The report warns, if global financial markets’ conditions continue to tighten, banks will be exposed “financial vulnerabilities”. The ratio of total non-financial sector debt to GDP in systemically important areas is at an all-time high of 250%.
This echoes the concerns of the Bank of England about the global leveraged loan market. The BoE’s financial policy committee meeting statement, published on October 9, says the market is “larger than, and growing as quickly as, the US subprime mortgage market” was before the finical crisis.
In the report, the IMF says financial conditions in the eurozone have remained “relatively easy” due to the accommodative monetary policies and robust global risk appetite.
The European Central Bank’s plan to end quantitative easing by the end of 2018 but push back rate hikes encouraged investors to extend the expected timing of a rate increase. As a result, German long-term yields have fallen.
Italian policy uncertainty has reintroduced a focus on the “bank-sovereign nexus”. Fiscal uncertainty could damage confidence in Italy’s financial markets, the IMF warns.
Escalating concerns over a no-deal Brexit with the European Union have driven sterling volatility to a five-month high.
The anxiety over the negotiations could cause “contractual and operational” risks for financial institutions in both jurisdictions. Contractual risks arise from challenges in maintaining cross-border derivatives contracts.
“Ensuring the continuity of contracts is one of the most pressing issues,” the IMF report says, echoing recent warnings by the BoE.
The operational challenges are associated with the regulatory environment through the transition period. Uncertainties over changes in licensing requirements, risk management and recruitment may adversely affect financial market confidence.
China’s financial conditions remained “broadly stable” as monetary policy loosening has held back external pressures so far. However, Chinese equity markets have been damaged by rising trade tensions. The renminbi has fallen 7% against the dollar since mid-June.
“Should market participants start pricing in the possibility of protracted trade tensions, financial conditions could tighten significantly, increasing the tail risk to global growth and financial stability,” the report says.
China’s efforts to “de-risk and deleverage” its financial system have conjured “pockets of stress” in corporate bonds markets and tightened liquidity. The efforts have led to tighter credit conditions for weaker borrowers.

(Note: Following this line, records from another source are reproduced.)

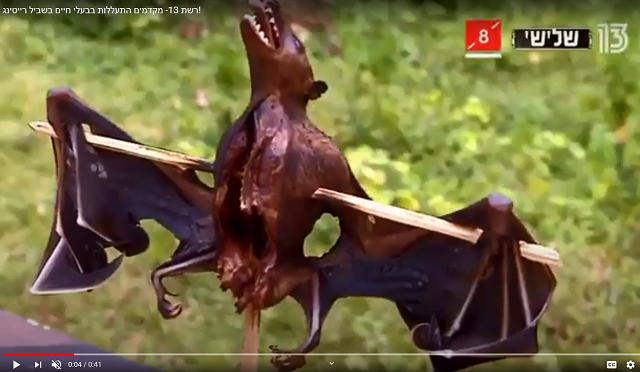 דווקא בזמן מגפת הקורונה: אכילת עטלפים בפריים טיים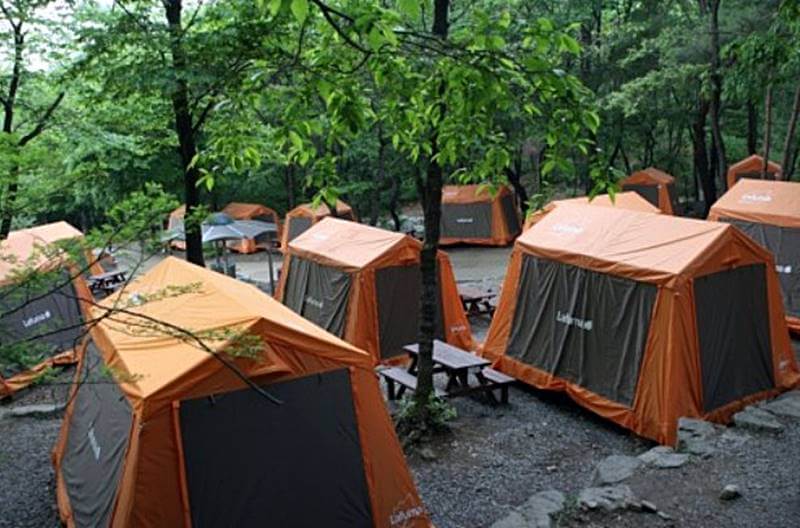 캠핌장-텐트가-펼쳐져있는-모습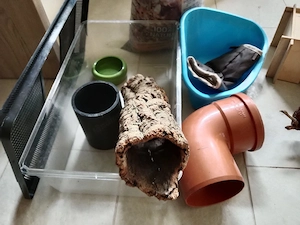 Zubehör Nagerhaltung (Ratten, Mäuse, Kaninchen, Hamster) Bild 3
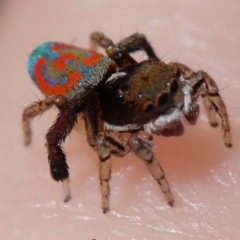 Maratus pavonis (Dunn's peacock spider) at Spence, ACT - 17 Nov 2018 by Laserchemisty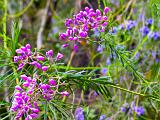 Australia 015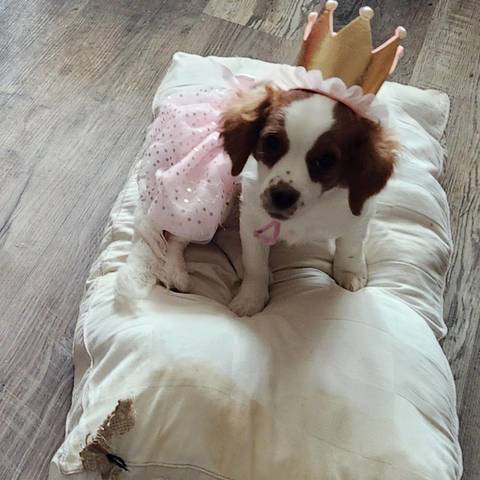 Sadie Mae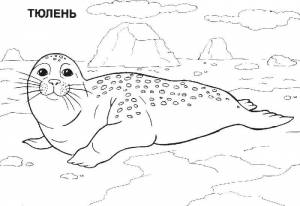 Раскраски Раскраска Тюлень на камнях Животные
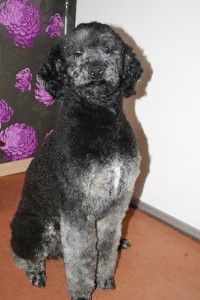 Koningspoedel, parti poodle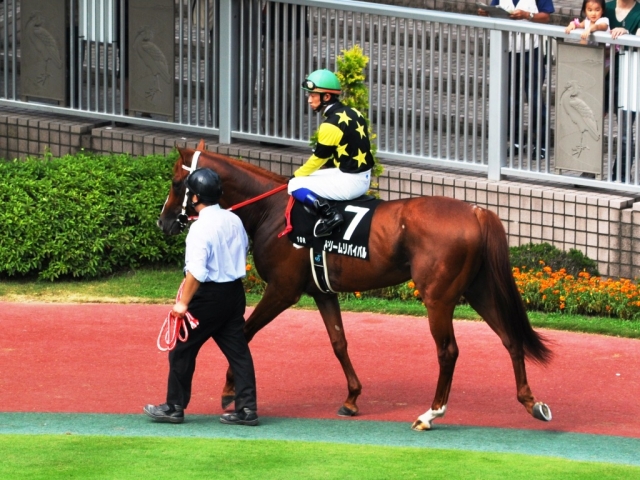 2010.7.25新潟10R麒麟山特別　パドック ドリームリバイバル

Despite monetary policy tightening, the IMF says, financial conditions in the US have eased. The strong risk appetite and tax reforms are reflected in low volatility and inflated asset prices “well beyond pre-crisis levels”, notwithstanding trade tensions.
“US equity prices now appear modestly higher than their model-based values, based on alternative measures of S&P 500 earnings expectations as well as proxies for both the risk-free rate and the equity risk premium components of the discount factor,” the report says.
The IMF concludes that regulatory gaps prevail in a number of areas, including macro-prudential frameworks, systemic risk monitoring, and cross-border co-operation.
It advises regulators that they “must avoid complacency”. Risks tend to arise in times of good financial conditions, such as the current environment of low interest rates and volatility. During this period supervisors must remain “vigilant” on risks developing in new areas.